Input:
<<<<

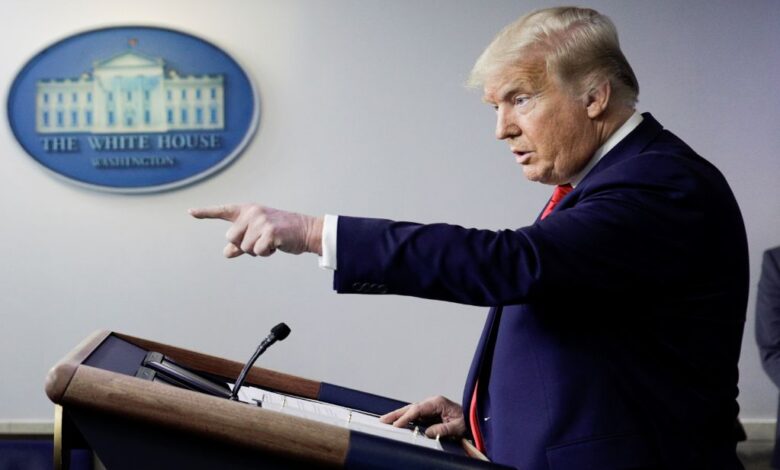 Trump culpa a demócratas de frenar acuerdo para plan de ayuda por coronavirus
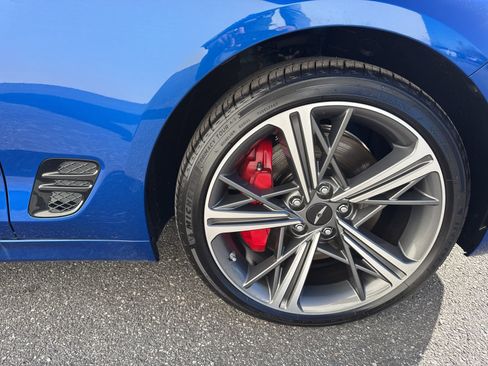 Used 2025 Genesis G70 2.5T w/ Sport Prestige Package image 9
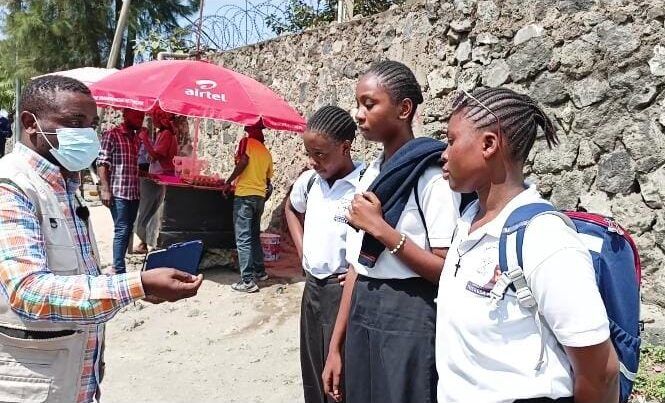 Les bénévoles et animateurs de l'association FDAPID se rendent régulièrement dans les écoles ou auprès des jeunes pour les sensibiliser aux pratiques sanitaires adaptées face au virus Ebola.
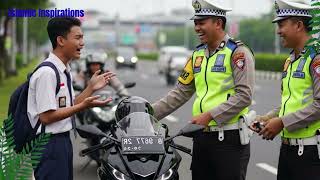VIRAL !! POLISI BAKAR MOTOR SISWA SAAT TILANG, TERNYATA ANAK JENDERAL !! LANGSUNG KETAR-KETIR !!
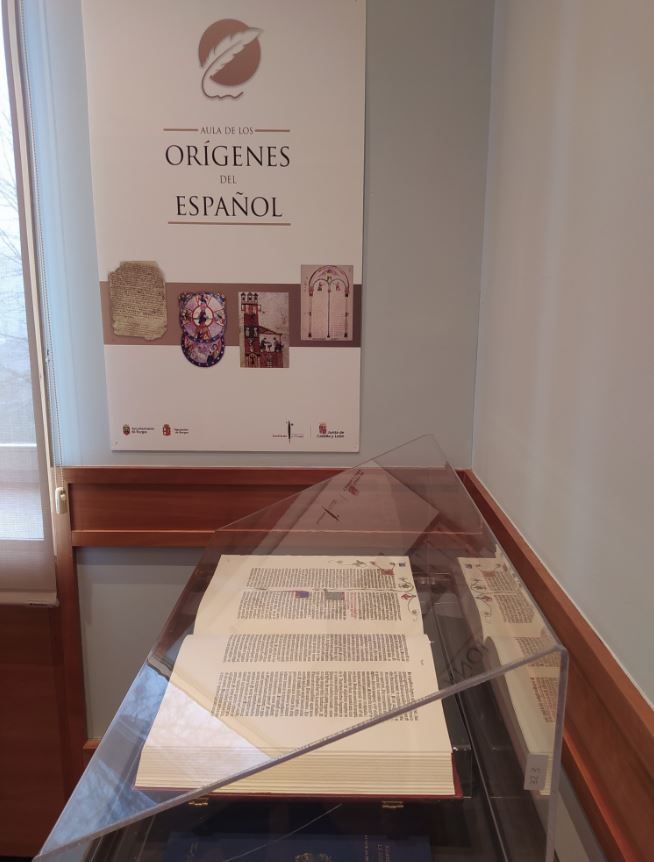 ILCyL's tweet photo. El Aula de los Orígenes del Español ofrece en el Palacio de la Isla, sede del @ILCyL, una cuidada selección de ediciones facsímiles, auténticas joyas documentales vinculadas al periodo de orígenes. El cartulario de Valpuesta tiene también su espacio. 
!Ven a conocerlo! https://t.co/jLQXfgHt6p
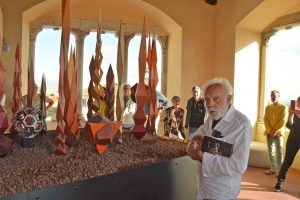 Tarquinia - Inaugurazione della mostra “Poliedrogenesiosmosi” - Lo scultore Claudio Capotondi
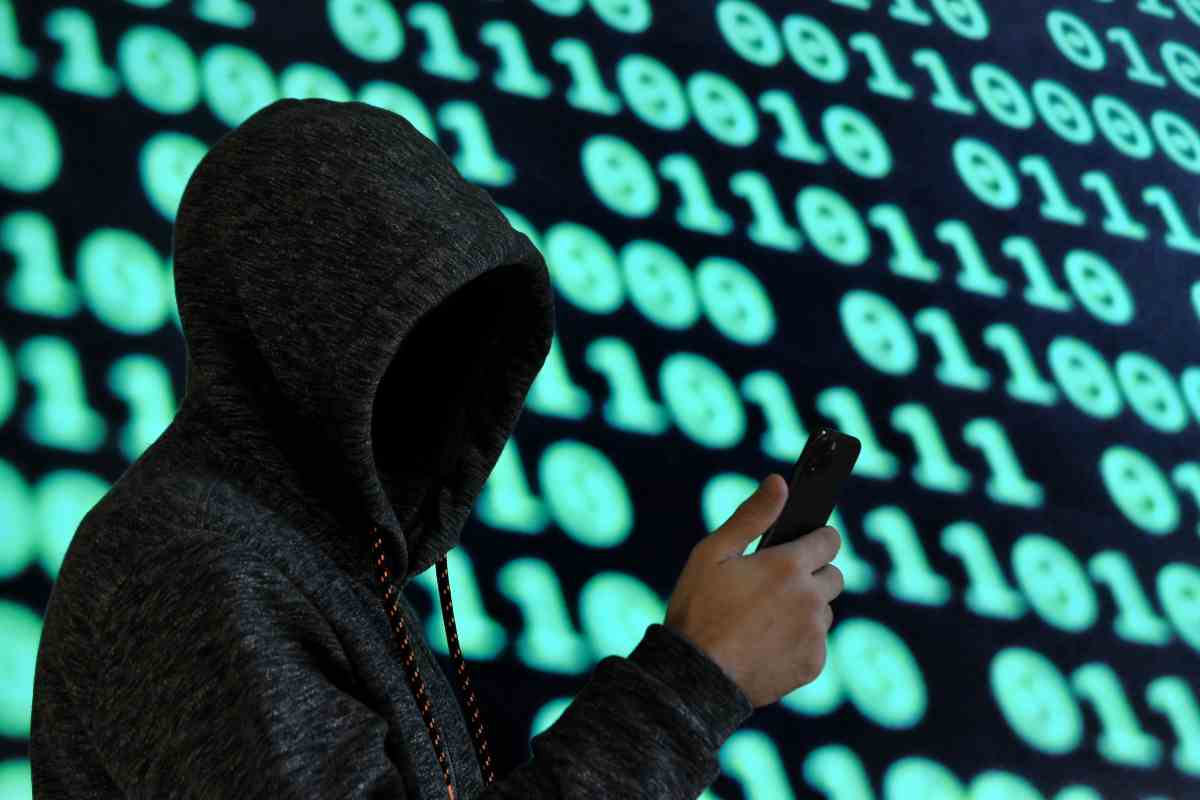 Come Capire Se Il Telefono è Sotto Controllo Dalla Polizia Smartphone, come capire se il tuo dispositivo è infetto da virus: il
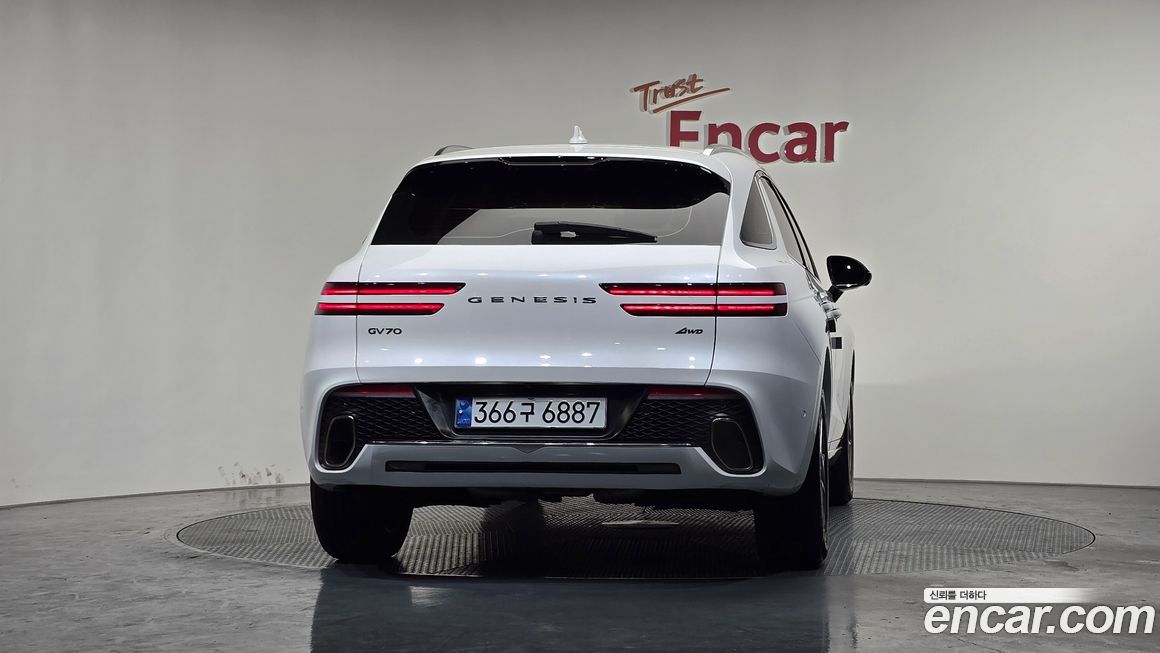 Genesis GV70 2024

>>>>

Directions for this task:
Omitting all pictures, reproduce the records above in their entirety.

Worked solution:
 Trump culpa a demócratas de frenar acuerdo para plan de ayuda por coronavirus
 Used 2025 Genesis G70 2.5T w/ Sport Prestige Package image 9
 Les bénévoles et animateurs de l'association FDAPID se rendent régulièrement dans les écoles ou auprès des jeunes pour les sensibiliser aux pratiques sanitaires adaptées face au virus Ebola.
VIRAL !! POLISI BAKAR MOTOR SISWA SAAT TILANG, TERNYATA ANAK JENDERAL !! LANGSUNG KETAR-KETIR !!
 ILCyL's tweet photo. El Aula de los Orígenes del Español ofrece en el Palacio de la Isla, sede del @ILCyL, una cuidada selección de ediciones facsímiles, auténticas joyas documentales vinculadas al periodo de orígenes. El cartulario de Valpuesta tiene también su espacio. 
!Ven a conocerlo! https://t.co/jLQXfgHt6p
 Tarquinia - Inaugurazione della mostra “Poliedrogenesiosmosi” - Lo scultore Claudio Capotondi
 Come Capire Se Il Telefono è Sotto Controllo Dalla Polizia Smartphone, come capire se il tuo dispositivo è infetto da virus: il
 Genesis GV70 2024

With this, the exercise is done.